Just a generic ramble on all the most frequently asked questions in this field of 'bitcoin detection', these are the most frequently asked questions, and the answer, the reason for posting this is to get google to make this site more 'sticky' by having the answers to commonly asked questions on LINUX, where people are working with HUGE FILES, which is essentially what Inflection.top is doing.
du . -a | sort -nr | head -n 25
Where '.' is these path, this lists the top 25 largest files in the path
cat hashfile.hex | sort -u > newfile.hex
Note 'sort' comes to a grinding halt once files get bigger than about 10gb, thus keep this in mind when sorting files. When working with huge files exceeding 64gb, its better to use 'split' and work with manageable files.
cat sorted-hash160.hex | xxd -r -p > sorted-hash160.bin
Converts the sorted list of hex addresses into binary numbers, which allows 100% verification that an address is found. Bloom-Filters are probabilistic ( typical 0.0001 % false positive ), Tries are 100% certain.
grep -f pristine.hex found.hex
where pristine.hex is a list of high value hex addresses in hash160(64 hex char format)
[ Note on Inflection we use our TRIE engine to do this type of searching which gives instant response ]
The public-key is the point Q=d*P, where Q(x,y) is a pair of numbers x & y, an un-compressed public key is just '0x04'+X+Y. A compressed key is 0x2 or 0x3 followed by 'X', the 2/3 or tells you whether the y was even or odd, e.g. positive or negative. This is just a means to drop the size of the public-key by 50%. [ d is the private-key a hex64 number, and P is the ECDSA base-point ]
In bitcoin an address is a Hash160 number, that is its a 20 byte integer stored as 40 hex characters. The '160' is the number of bits, where 8*20 = 160. Hash160 refers to the fact that a Sha256 operation is applied to a public-key to a 'hash'.
In bitcoin a user typically works with a ripe160 address which is another operation and the hex is converted to base 58 which allows almost the entire alphabet, this drops the 64 'hex' to 32 character human readable string. In bitcoin scanning we typically work with the hash160, or the public key as they are stored on the block-chain.
Its called a 'hash' and was developed by the NSA. Typically 'hashing' is a method of compressing lots of data into one small number that is unique.
In the bitcoin block-chain prior to 2013 the addresses were stored as public-keys, which are 128 hex-chars; Post 2013 bitcoin went to hash-160, where the public-key is stored as a 'hash', e.g. hash160=sha256(public-key). BITCOIN did this because they feared that giving the public the public-key on the block-chain was giving away too much information. This is TRUE.

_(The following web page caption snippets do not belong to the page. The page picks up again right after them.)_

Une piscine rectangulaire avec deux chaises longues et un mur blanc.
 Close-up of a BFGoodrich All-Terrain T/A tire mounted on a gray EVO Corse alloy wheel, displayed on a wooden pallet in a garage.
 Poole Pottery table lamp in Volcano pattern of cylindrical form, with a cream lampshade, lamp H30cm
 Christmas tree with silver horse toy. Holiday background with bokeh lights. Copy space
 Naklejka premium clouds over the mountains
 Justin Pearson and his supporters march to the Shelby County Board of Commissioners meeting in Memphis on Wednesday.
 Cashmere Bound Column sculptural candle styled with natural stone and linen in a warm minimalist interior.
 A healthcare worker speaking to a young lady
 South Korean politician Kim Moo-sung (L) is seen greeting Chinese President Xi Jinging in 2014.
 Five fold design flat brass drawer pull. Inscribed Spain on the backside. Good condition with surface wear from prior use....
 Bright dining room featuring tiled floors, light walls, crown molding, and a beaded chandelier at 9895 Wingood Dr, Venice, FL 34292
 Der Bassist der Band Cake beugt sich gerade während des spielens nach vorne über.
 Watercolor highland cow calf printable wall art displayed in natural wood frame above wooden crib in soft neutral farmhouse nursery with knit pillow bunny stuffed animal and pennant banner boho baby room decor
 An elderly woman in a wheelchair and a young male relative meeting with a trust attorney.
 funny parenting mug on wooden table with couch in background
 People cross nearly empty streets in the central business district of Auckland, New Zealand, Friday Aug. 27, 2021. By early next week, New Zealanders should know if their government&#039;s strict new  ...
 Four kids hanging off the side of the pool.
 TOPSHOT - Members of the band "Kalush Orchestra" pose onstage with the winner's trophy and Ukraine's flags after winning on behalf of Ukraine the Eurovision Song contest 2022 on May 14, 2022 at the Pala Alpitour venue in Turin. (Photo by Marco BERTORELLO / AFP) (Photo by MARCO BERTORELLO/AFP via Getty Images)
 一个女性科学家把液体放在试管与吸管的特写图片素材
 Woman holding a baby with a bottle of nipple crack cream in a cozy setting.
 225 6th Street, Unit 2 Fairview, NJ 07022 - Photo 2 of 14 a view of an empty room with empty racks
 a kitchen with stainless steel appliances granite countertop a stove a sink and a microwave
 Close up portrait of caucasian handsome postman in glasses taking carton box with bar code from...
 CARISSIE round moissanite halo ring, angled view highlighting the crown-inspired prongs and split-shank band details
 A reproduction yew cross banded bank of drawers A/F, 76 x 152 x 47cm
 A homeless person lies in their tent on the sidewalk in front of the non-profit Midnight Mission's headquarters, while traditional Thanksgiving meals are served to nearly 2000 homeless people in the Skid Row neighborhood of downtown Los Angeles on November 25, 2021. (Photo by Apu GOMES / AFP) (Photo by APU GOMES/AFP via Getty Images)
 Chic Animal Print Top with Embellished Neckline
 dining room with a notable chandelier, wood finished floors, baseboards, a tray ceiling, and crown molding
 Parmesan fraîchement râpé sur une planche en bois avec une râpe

In Inflection.Top we prefer these 'pristine' public-keys, as they provide much more information in the problem of Q=d*P; Post 2013 what you have is sha256(Q)=d*P; P is a known, d is what we're looking for the 'private-key', with Q hashed it is much harder to solve the DLP ( Discrete Log Problem ).
Again this was developed by the NSA. ECDSA is Ecliptic Curve Discrete Signature Algorithm; Its a method 'signing' a public-key to prove ownership. ECDSA is of most interest to 'Inflection' because this is the algorithm for calculating Q=d*P, where 'P' is calculated on the basis of Secp256k1, on of 1,000's of different methods of implementing ECDSA. Secp256k1 again was implemented by NSA, just like SHA-256. Which makes most experts assume that NSA created Bitcoin, and that they also have a 'backdoor' as at no time in HUMAN HISTORY, has NSA ever created a 'public standard' where they didn't retain the 'master-key'. They did this for DSA, DES, RSA, and AES. Only a fool would assume they didn't do this for Secp256k1 & SHA256.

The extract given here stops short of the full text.